**WORK TO COMPLETE**
Except for the pictures, write out all the records that follow exactly.

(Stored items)
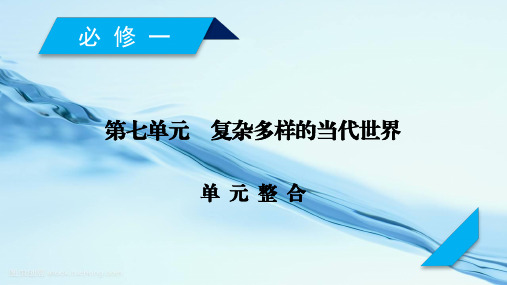 2020届历史岳麓版一轮课件：必修1 单元整合7 -历史备课大师【全免费】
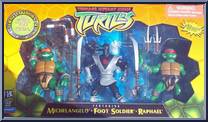 Turtle Takedown (Mike, Foot Soldier, Raph) Action Figure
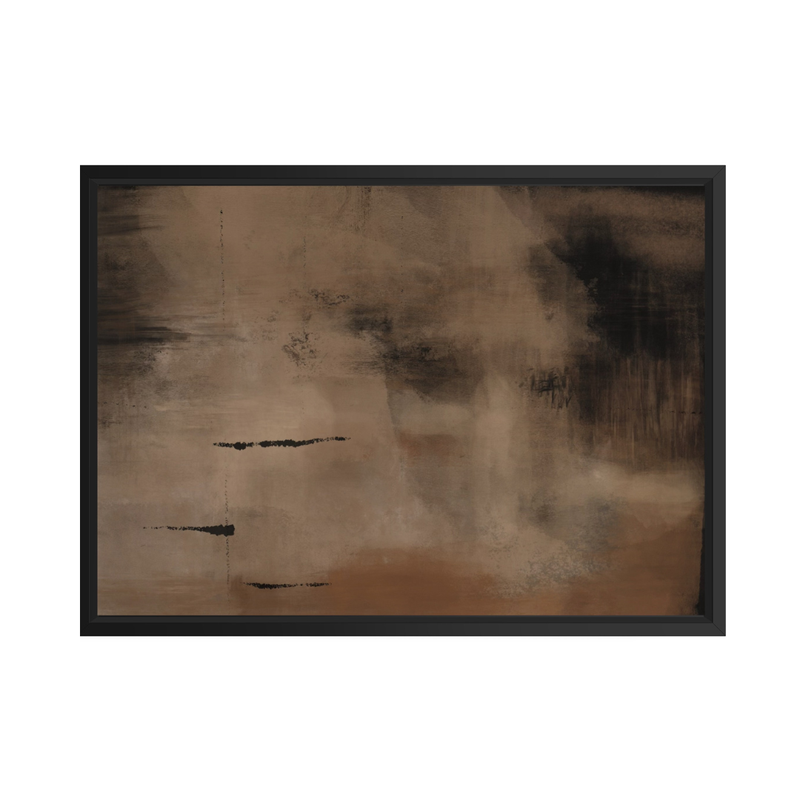 Framed Canvas - Charcoal Nights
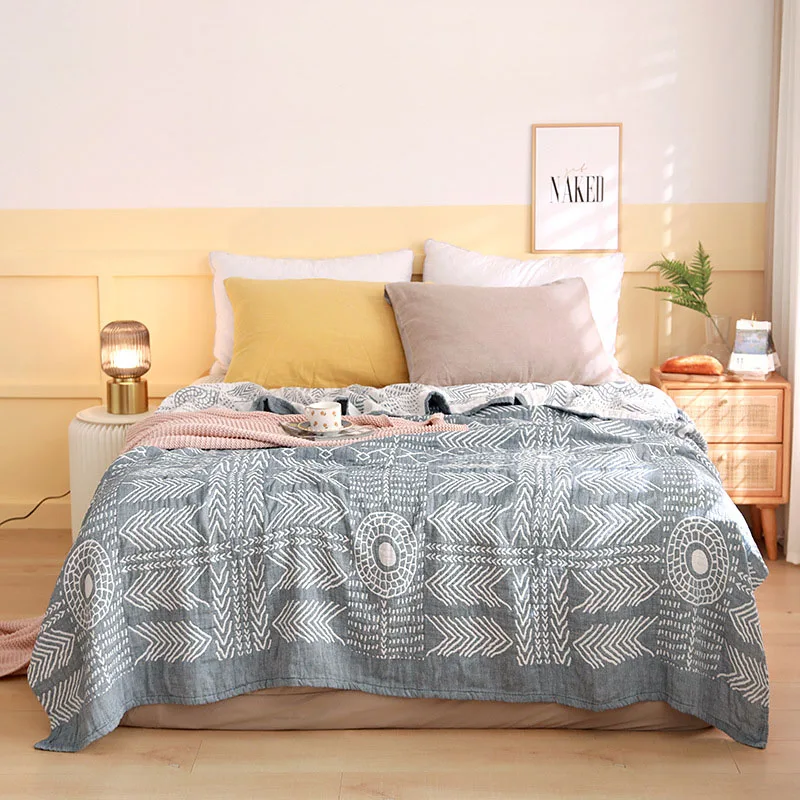 

Plaid Blanket for Bed Double Queen King Bedspread Gauze Summer Thin Towel Quilt Coverlet Autumn Winter Sheet Bed Sofa Cover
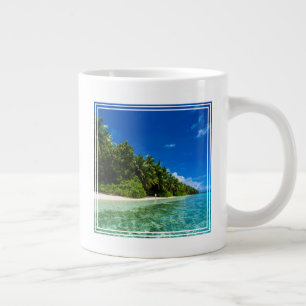 Blue Waters Of A Tropical Beach Large Coffee Mug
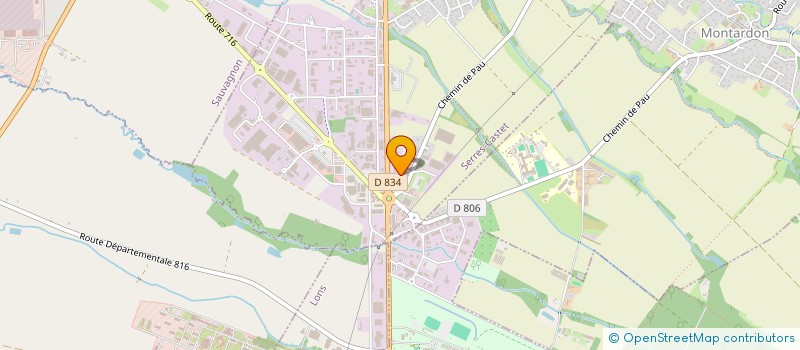 localisation de l'entreprise ELISA FIOL  SERRES-CASTET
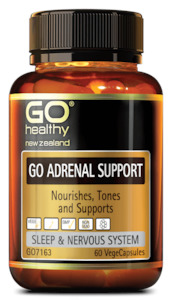 Go Healthy Adrenal Support 60 Vege Capsules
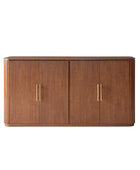 Ivan Fluted Premium Wood Cabinet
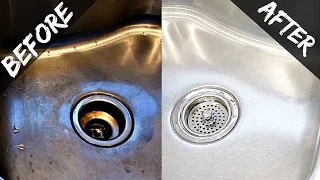 How To Clean Your Kitchen Sink & Disposal Naturally With Baking Soda & Vinegar - Easy & Organic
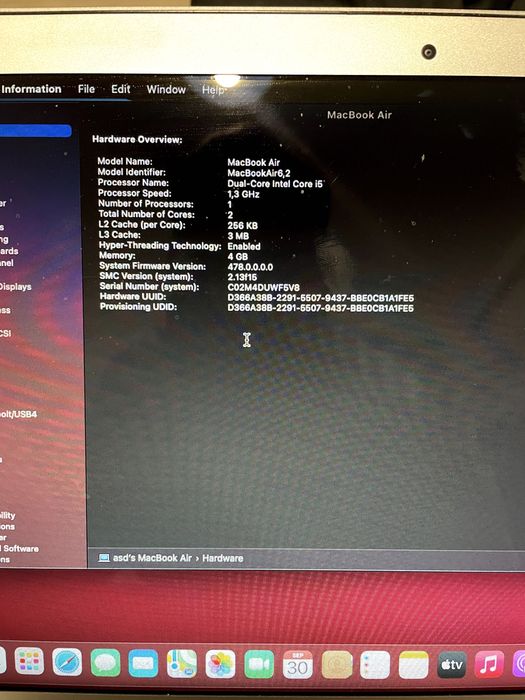 MacBook Air 13" Mid 2013 – 256GB SSD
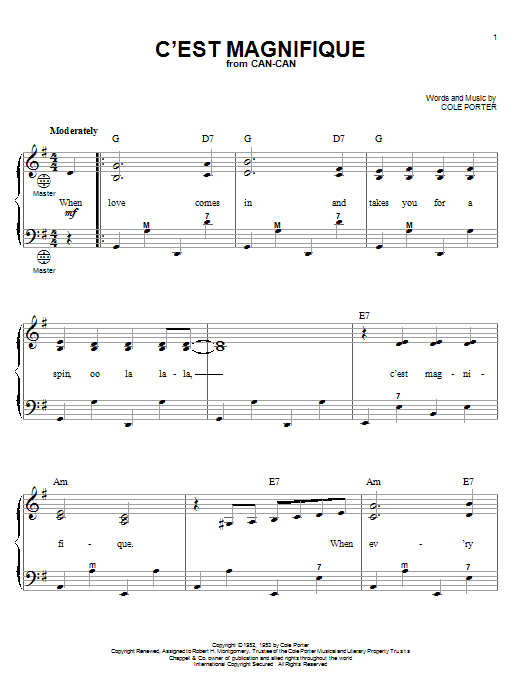Gary Meisner C'est Magnifique Sheet Music Notes & Chords for Accordion - Download or Print PDF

**YOUR SOLUTION**
 2020届历史岳麓版一轮课件：必修1 单元整合7 -历史备课大师【全免费】
 Turtle Takedown (Mike, Foot Soldier, Raph) Action Figure
 Framed Canvas - Charcoal Nights

Plaid Blanket for Bed Double Queen King Bedspread Gauze Summer Thin Towel Quilt Coverlet Autumn Winter Sheet Bed Sofa Cover
 Blue Waters Of A Tropical Beach Large Coffee Mug
 localisation de l'entreprise ELISA FIOL  SERRES-CASTET
 Go Healthy Adrenal Support 60 Vege Capsules
 Ivan Fluted Premium Wood Cabinet
 How To Clean Your Kitchen Sink & Disposal Naturally With Baking Soda & Vinegar - Easy & Organic
 MacBook Air 13" Mid 2013 – 256GB SSD
Gary Meisner C'est Magnifique Sheet Music Notes & Chords for Accordion - Download or Print PDF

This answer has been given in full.